Nasce la Scuola Editrice Cooperativa, poi “Leonardo da Vinci”
Inoltre, con il venir meno del carisma di Scipione Lapi, che aveva saputo mantenere la più importante azienda tifernate al di sopra delle controversie cittadine, anch’essa diventò teatro di un duro scontro fra schieramenti contrapposti. All’inizio del Novecento il movimento dei lavoratori acquisì autorevolezza e crescente forza politica e sindacale. I liberal-monarchici mostrarono pari decisione nel voler mantenere la loro egemonia. La “Lapi” – a parere dei socialisti – si distingueva allora come “una specie di indipendente repubblichetta”. Fu per questo che, in un contesto di aspre lotte, i monarchici lanciarono un’offensiva per acquisirne il controllo. Vi riuscirono nel 1905, provocando però un incremento dei contrasti di natura sindacale.

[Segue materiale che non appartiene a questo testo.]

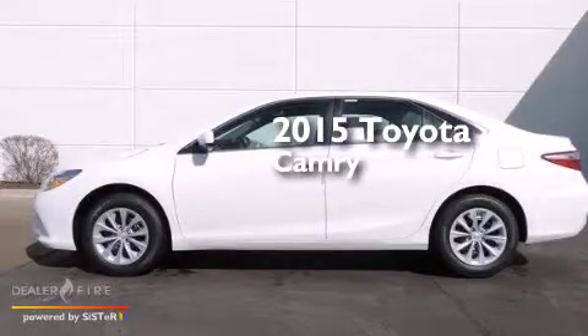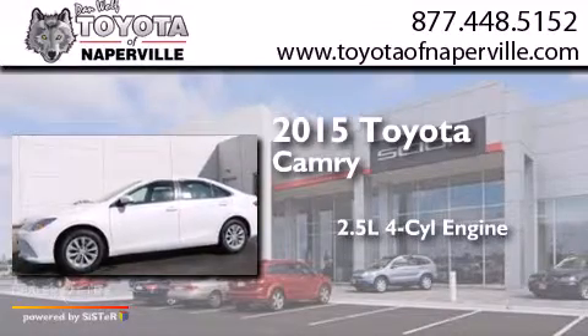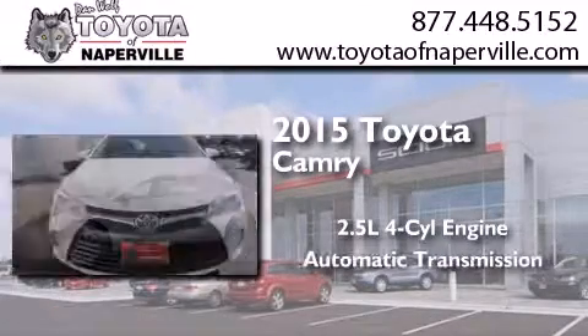This is a brand new 2015 Toyota Camry. It has a 2.5-liter four-cylinder engine and an automatic transmission.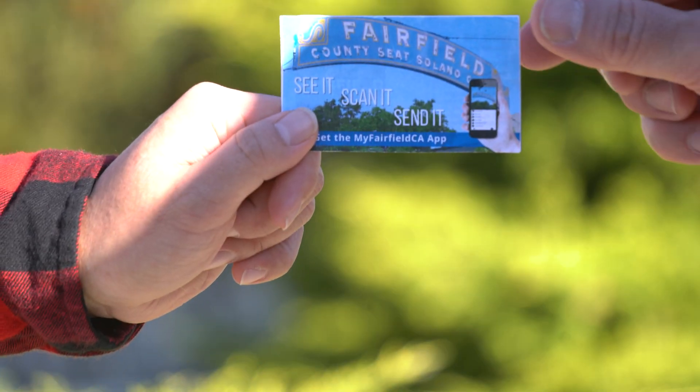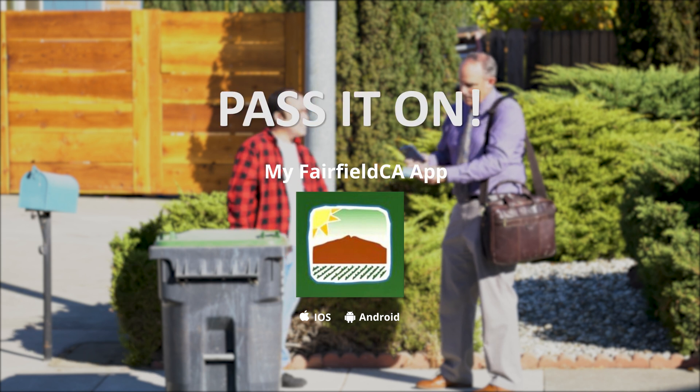So it's the My Fairfield CA app. Here, actually I have a card. You should have it. Thanks! Get the My Fairfield CA app. Pass it on.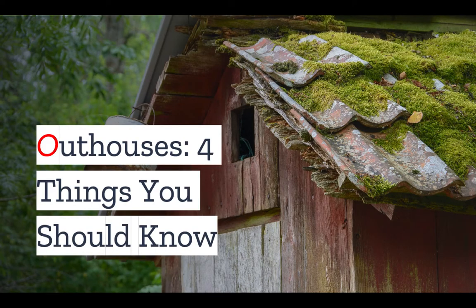For now, let's move away from such high-designed commodes and turn to the humble outhouse. While no longer common, it used to be ubiquitous. And if you are looking to build a dry cabin or homestead, you may be considering an outhouse as an option. So in today's quick video, I'll go over a few things you should know about outhouses.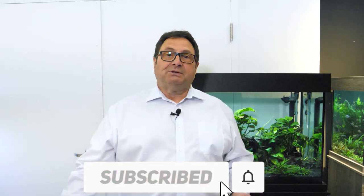Thanks a lot for watching, guys. Make sure to leave your comments, leave a like, and subscribe below. Till the next time.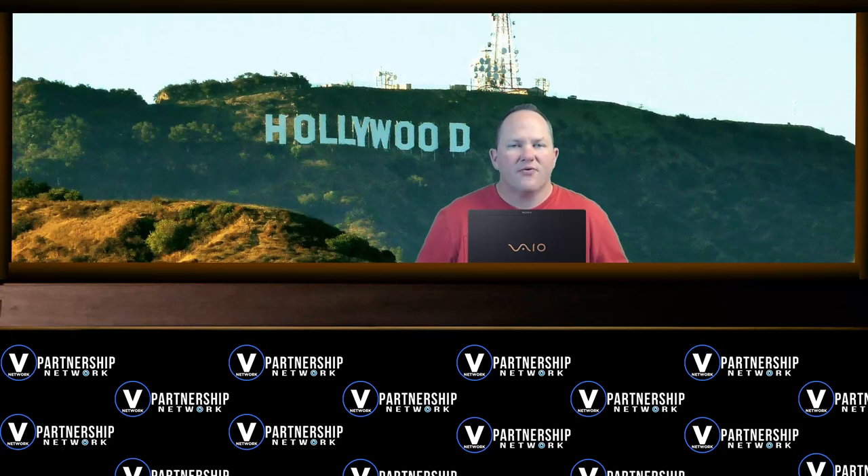Also be sure to sign up for Vision Social — that's our very own social networking website — and be looking for the launch of our brand new full website coming in the next couple of months.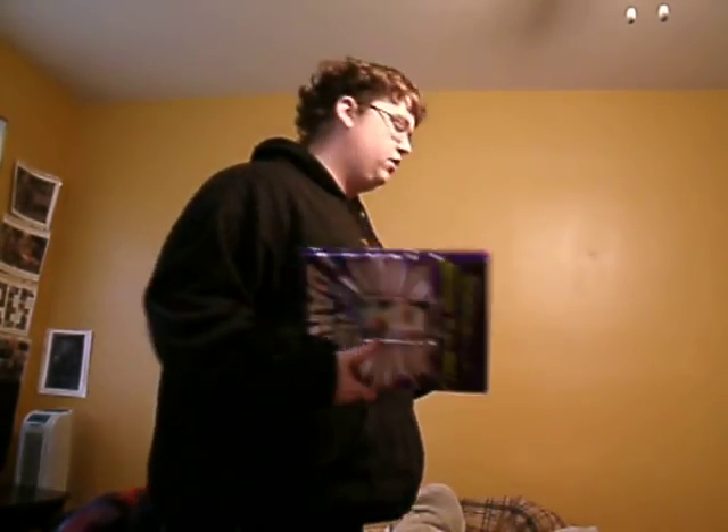Moving on, we got a Ripley's Believe It or Not book. These are pretty interesting to get. I wouldn't call it a tradition, but I usually get one every year — it's just one of those things where everybody has something that it seems like they get every year, and this is mine.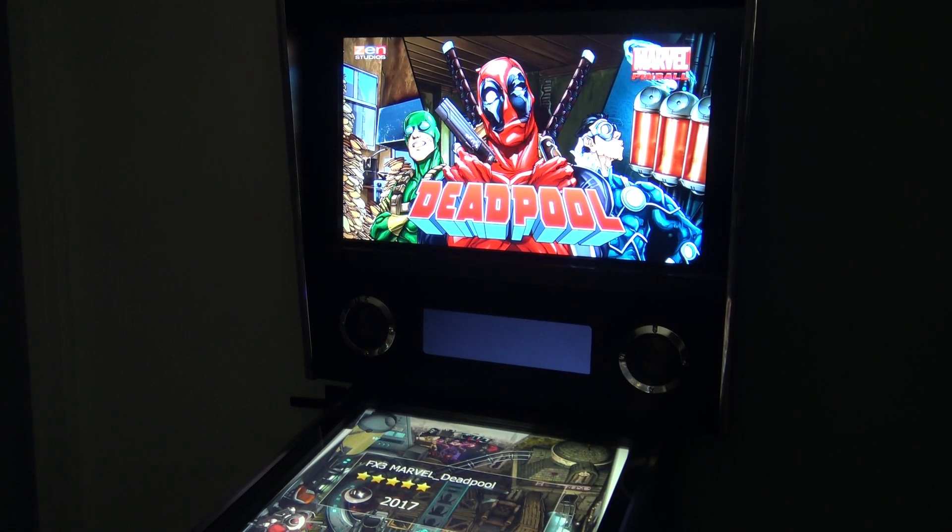Hey guys, Aaron Classic Gamer, and guess what? We're going to check out Deadpool by Marvel Pinball by Zen Studios. Came out way back in 2017. Really cool virtual pin. Figured we'd play this since Deadpool and Wolverine have come out in the last week or so — or, you know, Deadpool 3. I don't know why they didn't call it that.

In un clima di continua tensione, reso più aspro dall’intreccio di dissidi politici e di rancori personali, la “famiglia” vagheggiata da Lapi cominciò a sfaldarsi. Fu allora che il suo Stabilimento dimostrò di essere stato scuola di vita e fucina di tipografi di prim’ordine. Nel 1906 alcuni suoi operai, sostenuti da esponenti del mondo cattolico – fra cui don Enrico Giovagnoli, fondatore dell’innovativo circolo Nova Juventus – fondarono la Scuola Editrice Cooperativa. I promotori si prefiggevano mete ambiziose: in quanto “scuola”, la nascente azienda intendeva introdurre all’arte una nuova leva di lavoratori; inoltre, in quanto casa editrice, si riprometteva di togliere i giovani autori “alla speculazione libraria e alle sue strettoie”, offrendo loro la possibilità di esprimersi liberamente. Nel 1909 essa mutò il nome in Società Tipografica Cooperativa Editrice; dava lavoro a una trentina di addetti e si era dotata di macchine a energia elettrica, utilizzabile in città da appena tre anni. Sotto la direzione di un uomo di grande sensibilità e cultura come Giovagnoli, seppe rafforzare l’immagine e la presenza nel mercato. Nel 1912 assunse la definitiva denominazione di “Leonardo da Vinci”.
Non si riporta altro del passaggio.